The Heart

fullsizeoutput_cb5My heart has been chipping, cracking, and breaking at speeds I have never experienced.  I have cracks which have been spackled over.  It may be time for the curator of my heart to call in a handy-woman to trowel, sand, and paint. The parts which have broken off are gone and traveled with whom or what they are attached to.  The chips gather in my body and will make an appearance at a later time.  Does this scare me?  Fill me with sadness? Make me want to run, run faraway?  It does not.

My heart for so many years, more than I’d like to admit, had been locked away. Fingerprints were allowed to hover above it, but nothing more.

I thought I was keeping it safe, protecting it, saving it for when I knew it would be cared for as it should.  Fear had roosted in my body from such a young age.  It was never a visitor it was a permanent intruder with a loud voice.  Fear took the wheel without me knowing it.  When it rained, fear refused to turn on the windshield wipers. With fear being the determined driver it became a protector.  A protector of my heart.  Fear meant well, but it did not serve well.

My heart smells fear as it ripples across water, as it drifts across the sky, when it rolls in during times of darkness.

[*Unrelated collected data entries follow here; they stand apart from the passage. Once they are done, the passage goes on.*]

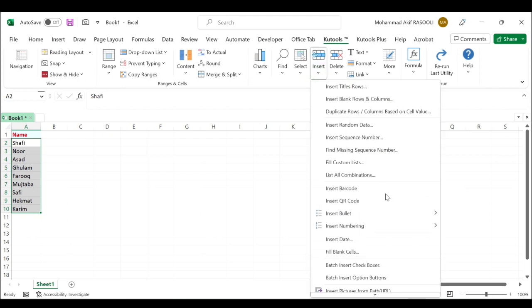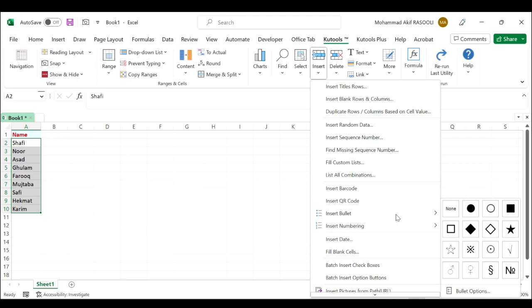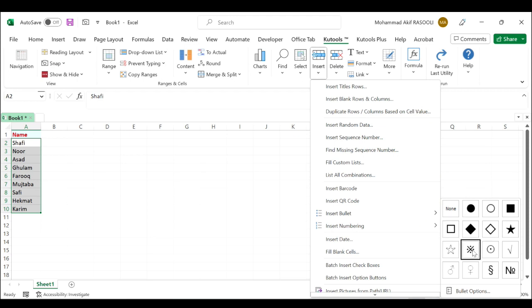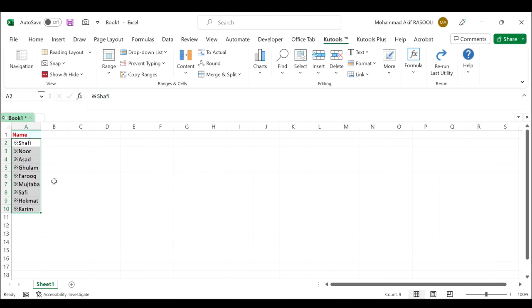and put your cursor on insert bullet and choose one bullet you like from the popping box. And then the specific bullet has been inserted into cells at once, as you can see.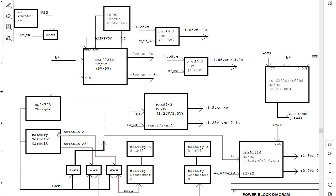Here we have the battery selector and the battery cells. After the VIN passes through the switch, we get the B+ rail. B+ means the main voltage — 19 volts — and this B+ is applied to all circuits on the motherboard.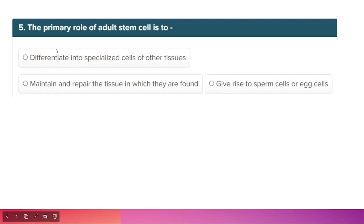The primary role of adult stem cells is to differentiate into specialized cells to maintain and repair the tissues in which they are found. The option about giving rise to sperm or egg cells is incorrect. Option B is correct: adult stem cells can differentiate into specialized kinds of cells — specifically the cells from the tissue where they are found.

My eyes see fear when it radiates from another beating, suffocating heart.

My ears hear it in words put out for those to hear.  In steadfast words chiseled in stone as if they will protect the heart.

My embrace senses it, wants to squash it, tell it to leave so the heart can be felt.

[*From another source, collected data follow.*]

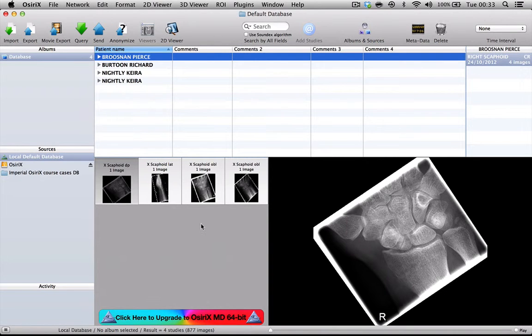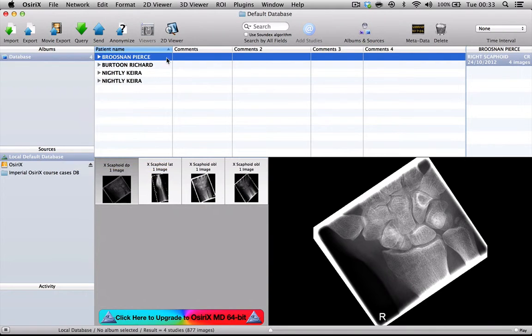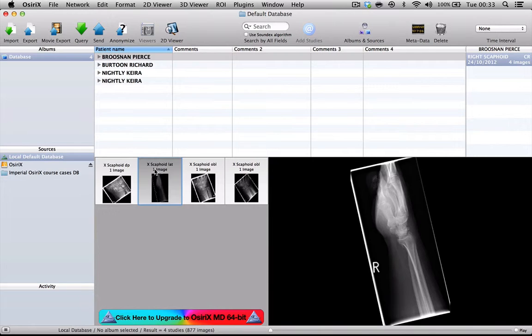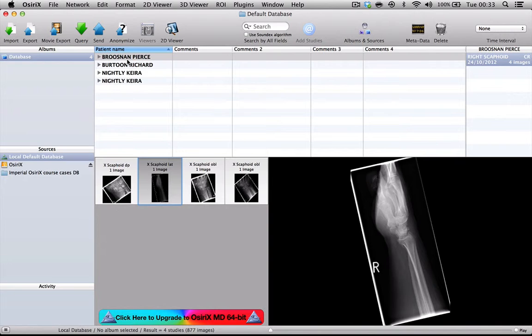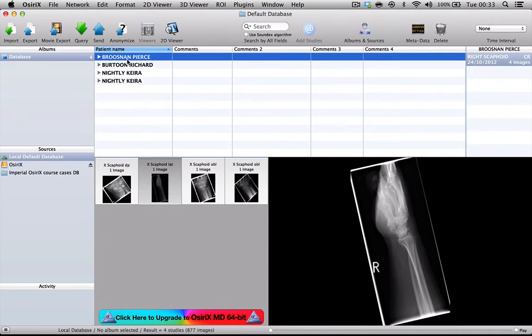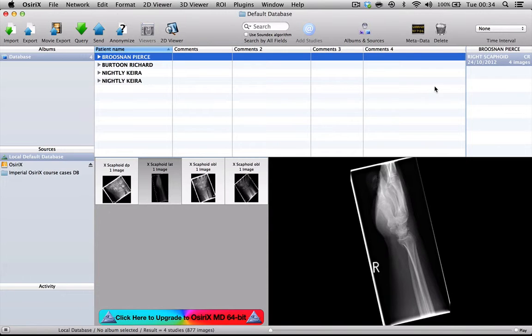Here I have imported into my local default database four patients. These are real patient images but the patients' names are fictitious. I've already been into the metadata and altered the patient identifiers for the purpose of this teaching exercise. If we look at the first case, which is a male patient with a wrist series, the first thing I want to show you is the metadata and the DICOM headers associated with this case.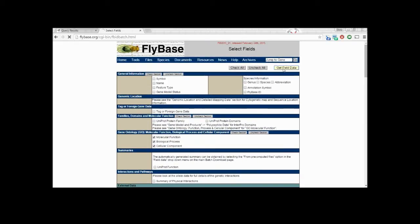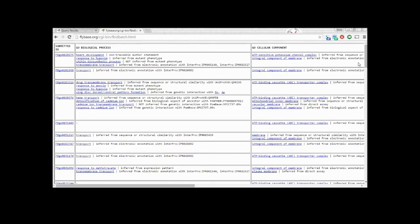This outputs a table with all the data we asked for compared side by side between all of our genes of interest.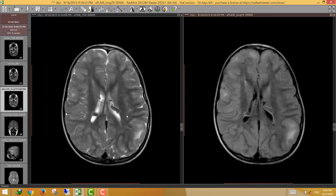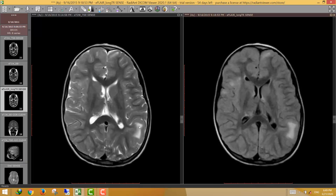So this case shows tuberous sclerosis with subcortical tubers and subependymal tumors, with characteristic features: the subependymal nodules differ in signal from gray matter, show perpendicular orientation to the ventricular outline, and the subcortical tubers characteristically stretch or expand the overlying cortex.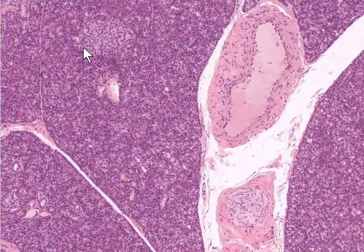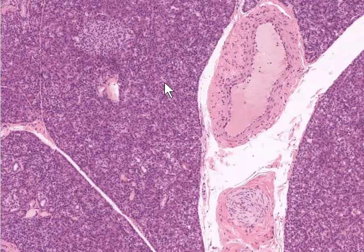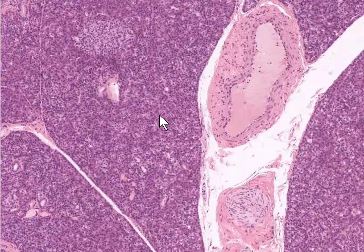Here we have one of these islets of Langerhans, which we'll look at in more detail in a moment. The remaining cellular tissue is largely composed of secretory acini, or clusters of pancreatic acinar cells, which are secreting pancreatic juice containing pancreatic enzymes or pancreatic zymogens. In places we can see small intralobular ducts, and these carry the pancreatic secretions to the larger interlobular ducts.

My tongue tastes it as words leave my mouth.  When the air is saturated with fear I can taste it as I breathe in.

When I look out into the world I see what fear serves.  I know how it served me for so many, many years.  I want to advocate, educate, alleviate, dissipate, evaporate fear away. It authentically serves in very few situations.

With fear pushed out and told to vacate, the heart beats stronger, truer, clearer and yes the heart will get chipped, it will crack, and can break.  But, we are human and the heart is to feel, open, extend, share, radiate, motivate and be vulnerable.